Dirty Words from the World of Book Reviews by Linda Root

We are drowning in lists--grocery lists, shopping lists best sellers, worst dressed, sexiest man, cutest dog, most cunning cat...but the lists  I find the most annoying have to do with books--writing, reading, reviewing and promoting.  I have my reasons.  I am a writer, a voracious reader and a serious reviewer and I find the language of book reviews  as creative as fast food for dinner and as exciting as a barium enema as a nighttime ritual.  My fellow writers Mickey Mayhew and Michael Schmicker should teach a class: How to Write an Incredibly entertaining Highly Intelligent and   Masterful Book Review.' At least I'd approach  reviews of my work without wincing, no matter how many or how few stars my novel rates.
Terms which turn me off:
Thriller:  Besides being a Michael Jackson musical masterpiece, a thriller has special meaning for me and others who are  1. long of tooth;  2. advanced in age;3.  Seniors; 4. mature adults; 5. old people.    Each of those terms are on another list I will discuss on a day when I have both 1) ice; 2. Jameson's; and 3) no other commitments.  To most people old enough to vote and still breathing  (unless they grew up in live in Cleveland where Thriller is a roller coaster at  Euclid Park) a thriller is something exciting and fraught with danger.  A book I consider a thriller is Silence of the Lambs. Another is Relic.
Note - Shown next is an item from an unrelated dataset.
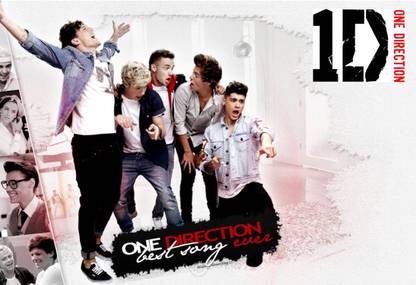 Poster One Direction Design sl-13455 (LARGE Poster, 36x24 Inches, Banner Media, Multicolor) Fine Art Print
 A thriller is a high-octane, very scary piece of work.  It is not a highly plotted Elizabethan mystery involving ladies and monkeys and dwarfs and nuns and spiders.  Nor is an espionage story in which the scariest thing in the book is a Russian woman with a silencer on her H & K.  All action adventures are not thrillers.  Not every good piece of fiction with tension and intrigue is a thriller.
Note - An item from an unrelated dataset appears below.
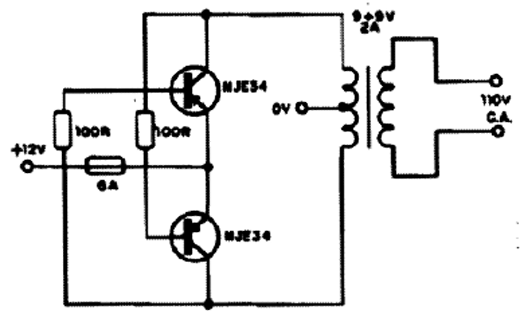  Inversor 12 V Para 110 V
Which leads to the ubiquitous page-turner.  For some reason if a book is not labelled a page-turner, it is doomed unless it is the Bible or something written by Neil Stephenson.  Why must we equate excellence in writing with a product which must be digested in one giant gulp.  We savor good wine;  appreciate beer with the right amount of head, and sip champagne.  Why do we have to guzzle words to make them worthy of ingesting? I recently read a book by author David Blitx which I consciously put aside to let it penetrate the inner reaches of my mind, or to laugh at plot twists I found amusing or ironic or simply delightful.  And I was on a schedule.  Some books by Susan Howatch can be read in sections according to the point of view of the character.  They are not barn-burners, or races. The last line is not a Finish Line.  A good book engages its reader and keeps the interest level high, but it is not a  390-page literary marathon.
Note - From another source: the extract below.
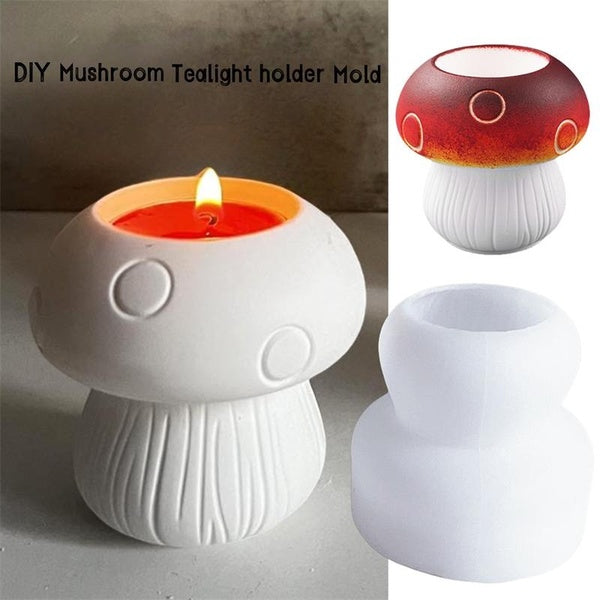 DIY Mushroom Shape Holders Silicone Casting Mold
There are other terms bandied about in reviews on Amazon and elsewhere, assuming there still is an elsewhere.  For example, a reading experience is not necessarily a 'ride'.  Also in my opinion, there is no such thing as a masterpiece by James Patterson. Mr.Patterson is a fine prolific writer who I read and enjoy, but his books are not masterpieces. Eco sometimes writes masterpieces.  Patterson writes excellent pulp fiction.  I also hate the overuse of the term 'tale'.  There is something about calling a books about a serial child molester a 'tale' which I find obscene.  'Yarn' is another one.  Yarn is not just antiquated and a tad too cute--it implies a complicated, tangled plot with a homespun quality. Hannibal is not a yarn.

The new word which drives me to frenzy is 'steamy'. For some purposes  we find books rated on their steam value.I am not quite sure how steam and sex became equated--perhaps on Grey's Anatomy.  On the other side of the same gripe I find the word 'sweet' applied to every Victorian novel where kissing is a brushing of taunt lips on a gloved hand and no one removed clothing other than a cloak or a hat.  If the entire plot is saccharine, then sweet is as good a label as any but if the story involves a heart-rending romance  full of emotion and tension, it desires a more substantial label than 'sweet'.
I understand the term 'cozy' when applied to a specific class of arm chair mysteries.  It is the title of a sub-genre, like time-slip.  When I've had enough of guts and gonads, I am drawn to a 'cozy.'  I occasionally like books where the principal character (as opposed to protagonist) is a cat, an elderly busy-body or a vicar.  We cannot all be John Ryan or Lucas Davenport.